According to D.E. Babu, professor and Head of Zoology Department, Andhra University, in East Godavari mangroves are distributed in an area of 32,580 hectares covering 380 km. Thanks to the aquaculture boom in the early 80s, mangroves almost disappeared in West Godavari district and in parts of East Godavari district. Recently, mangroves in some 200 acres have been destroyed for industrial purpose in Krishna district, which has triggered a hue and cry.
In East Godavari, 99 villages with a population of 35 lakhs depend on the mangroves directly or indirectly. Any degradation will adversely affect lives and livelihood of these people, he points out.
In Visakhapatnam, stretches of mangrove plantations near Chavulamadum have been cleared for industrialisation. In Bhairavapalem in East Godavari district, more than 200 acres of mangrove plantations have been destroyed for industrialisation, he recalls.
Mangroves are not only important but also crucial for States like Andhra Pradesh, which has a long coastal area. Since estuarine areas are highly populated, the slightest ecological imbalance will take a heavy toll during natural calamities. Mangroves play a vital role in stabilising these areas. Mangroves are buffers between land and sea. They not only prevent soil erosion but also act as catalyst in reclaiming land from the sea. Mangrove forests and estuaries are breeding and nursery grounds for a number of marine organisms, including the commercially important shrimp, crab and fish species.

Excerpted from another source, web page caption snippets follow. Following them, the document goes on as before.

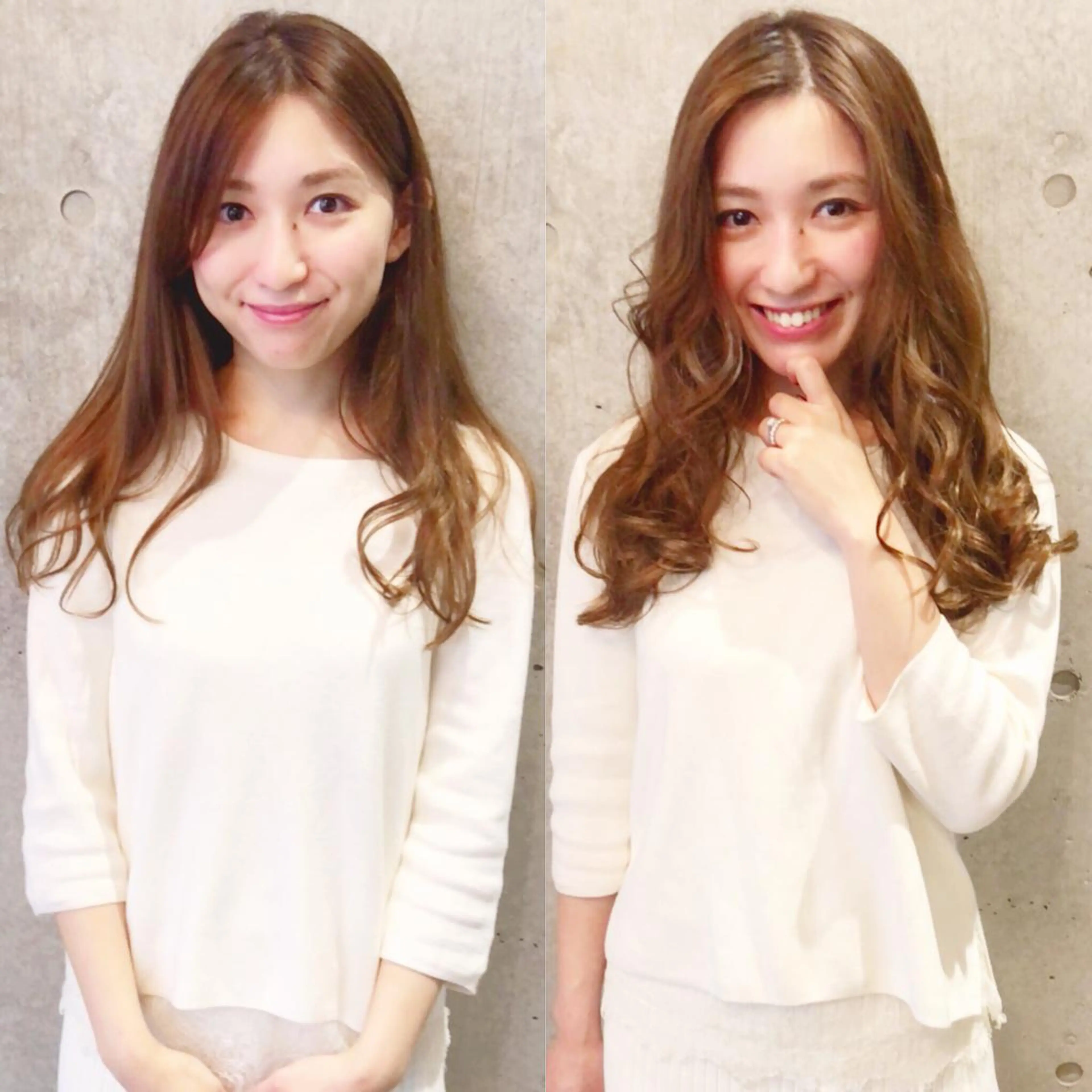 セミロング カラー パーマ ヘアアレンジ メンズ キッズ ネイル マツエク・マツパ シールエクステ 子どものヘアアレンジ エクステ かきあげバング トリートメント ACHFILO モデル募集のヘアスタイル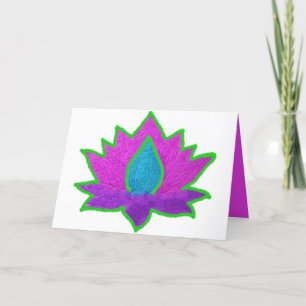 Diwali glitter lotus helgkort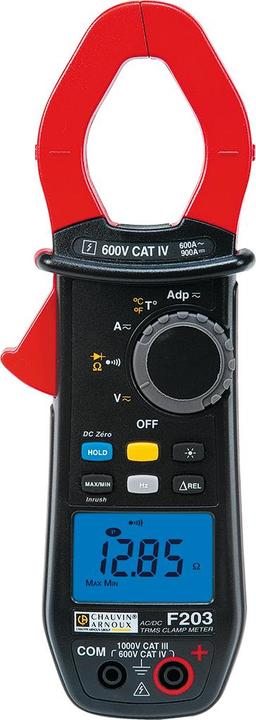 Actual product image Chauvin Arnoux Current clamp, hand multimeter di (CAT IV 600V, CAT III 1000V)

If delta areas are not protected with mangroves, there will be the threat of silt, Prof. Babu says. It is the main source of income for shore-line communities like fishermen. The threats to mangroves include land reclamation for construction and industrial activities, domestic pollution, dumping of debris and waste, deforestation for fuel food and over harvesting marine wealth.
If, for example, 100 acres of mangroves are destroyed for any purpose, plantation should be taken up on 200 acres. This is all the more important in view of the possibility of coming up of many industries along the coast, he says. “Unless restoration of degraded mangrove forests becomes a community movement, we will lose precious mangrove areas, leading to enhanced vulnerability to coastal storms and cyclones and loss of opportunity to sustainable livelihoods” – this warning by reputed agriculture scientist M.S. Swaminathan is worth mentioning here.